According to Gonzalez, the Guatemalan government was comprised of “corruption, injustice, and human rights violations” stemming from an extremely unequal distribution of wealth. This system spurned widespread civilian discontent.
“As a response to the inequality, many activists were working to change the system of injustice,” Gonzalez said. “As a result the army began a campaign of persecution. The government and army began murdering and torturing everyone who rose up.”
The persecution eventually spread to Gonzalez’s village of Santa Maria Tzeja. On Feb. 15, 1982, an army patrol entered the community and massacred 15 people. Among these casualties were several of Gonzalez’s family members.
“In the massacre, my mother, one daughter, my brother-in-law and six cousins were killed, as well as other members of the community,” Gonzalez said.
Fearing for their lives, the survivors of the Santa Maria Tzeja massacre fled to Mexico. They spent the next 12 years living in camps alongside 46,000 other refugees, attempting to rebuild their broken community. It was not until May 3, 1999, that Gonzalez and his fellow survivors were able to return to their Guatemalan village.
“Thanks to the hard work of the entire community, we were able to rebuild much of what was there before,” Gonzalez said.
Gonzalez now seeks retribution from the Guatemalan government for the injustices against his people. Survivors from ten villages have formed the Association for Peace and Reconciliation, an organization dedicated to improving civil rights in Guatemala.
“We have filed a criminal complaint with the Ministry of Justice. Currently, the justice ministry is in the process of collecting eyewitness testimonies of the survivors,” Gonzalez said.
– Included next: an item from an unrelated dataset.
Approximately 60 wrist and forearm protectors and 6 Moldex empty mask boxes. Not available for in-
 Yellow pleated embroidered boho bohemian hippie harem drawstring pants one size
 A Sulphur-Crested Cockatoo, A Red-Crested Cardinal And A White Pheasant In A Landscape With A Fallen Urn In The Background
The charges filed by the Association for Peace and Reconciliation are directed at former military dictator Romeo Lucas Garcia. Garcia is charged with “genocide and crimes against humanity,” according to Gonzalez.
And while their chances for success are not good, the group of survivors refuses to cease their efforts.
“I am impressed that they are going ahead with the case knowing their chances of something coming of it are slim,” said Marcie Ley, coordinator for The Committee on U.S.-Latin American Relations, who organized the event.
“They were willing to go through all that work because it’s so important to them,” Ley added.
Abby Benedict grad said, “I was left with the overall realization that these people didn’t have a choice, how desperate they were. They didn’t have police to go to and they couldn’t depend on their government.”
“It seems like the United States should be doing more, getting more involved in what is going on there,” Hsien-Kai Tan ’01 said.
Gonzalez hoped his talk would inspire students to get involved in the Guatemalan civil rights movement.
“I hope that the people that learn about this here at Cornell tell others, become involved, and support those of us in Guatemala that are fighting for justice,” Gonzalez said.
“Then this kind of thing will never happen again,” Gonzalez added.
Gonzalez is speaking today in Uris 153 at 12:15 p.m. as part of the Latin American studies luncheon series. This luncheon is free and open to the public.